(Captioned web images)
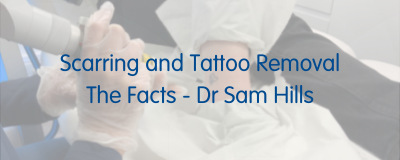 Tattoo Removal Scars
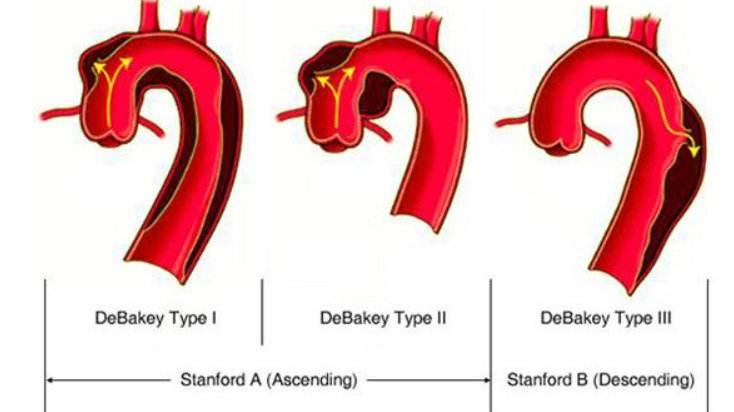主动脉夹层stanford图片
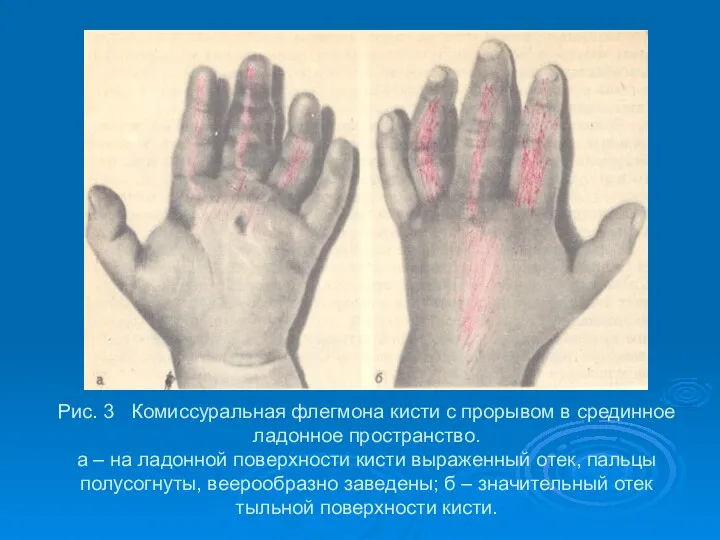 Рис. 3 Комиссуральная флегмона кисти с прорывом в срединное ладонное пространство. а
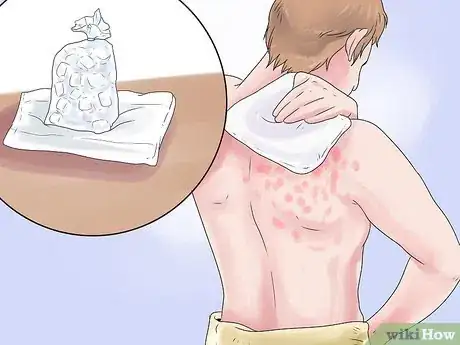 Imagen titulada Get Rid of a Skin Rash Caused by Antibiotic Allergy Step 8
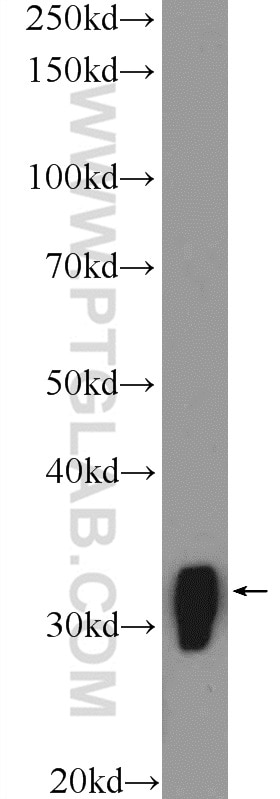 Western Blot (WB) analysis of mouse brain tissue using MARCKS Polyclonal antibody (51087-1-AP)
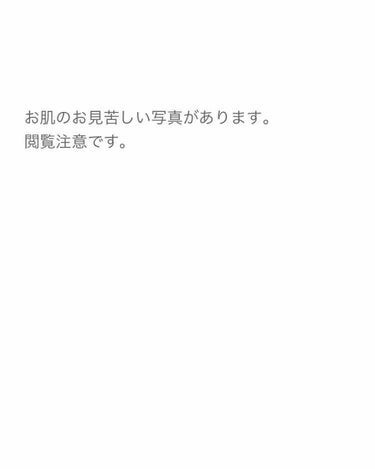 カウブランド 赤箱 (しっとり)のクチコミ「こんにちは。

高校一年生からずっと肌荒れに悩まされてきて、皮膚科に通っても治らなかったニキビ.....」（1枚目）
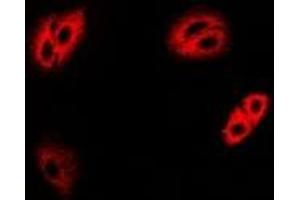 Immunofluorescent analysis of IRBP staining in MCF7 cells. (RBP3 antibody)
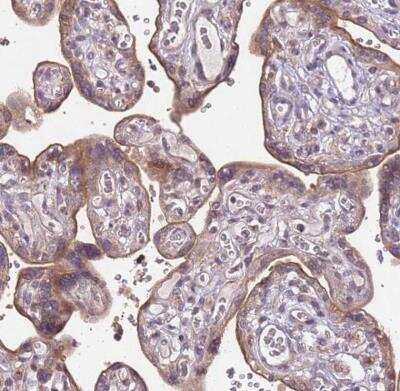 Immunohistochemistry-Paraffin: SLC16A4 Antibody [NBP2-13315]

> [What you will do]: Your task is to set down every entry exactly, leaving out any picture it contains.

> [Output for this exercise]:
 Tattoo Removal Scars
主动脉夹层stanford图片
 Рис. 3 Комиссуральная флегмона кисти с прорывом в срединное ладонное пространство. а
 Imagen titulada Get Rid of a Skin Rash Caused by Antibiotic Allergy Step 8
 Western Blot (WB) analysis of mouse brain tissue using MARCKS Polyclonal antibody (51087-1-AP)
 カウブランド 赤箱 (しっとり)のクチコミ「こんにちは。

高校一年生からずっと肌荒れに悩まされてきて、皮膚科に通っても治らなかったニキビ.....」（1枚目）
 Immunofluorescent analysis of IRBP staining in MCF7 cells. (RBP3 antibody)
 Immunohistochemistry-Paraffin: SLC16A4 Antibody [NBP2-13315]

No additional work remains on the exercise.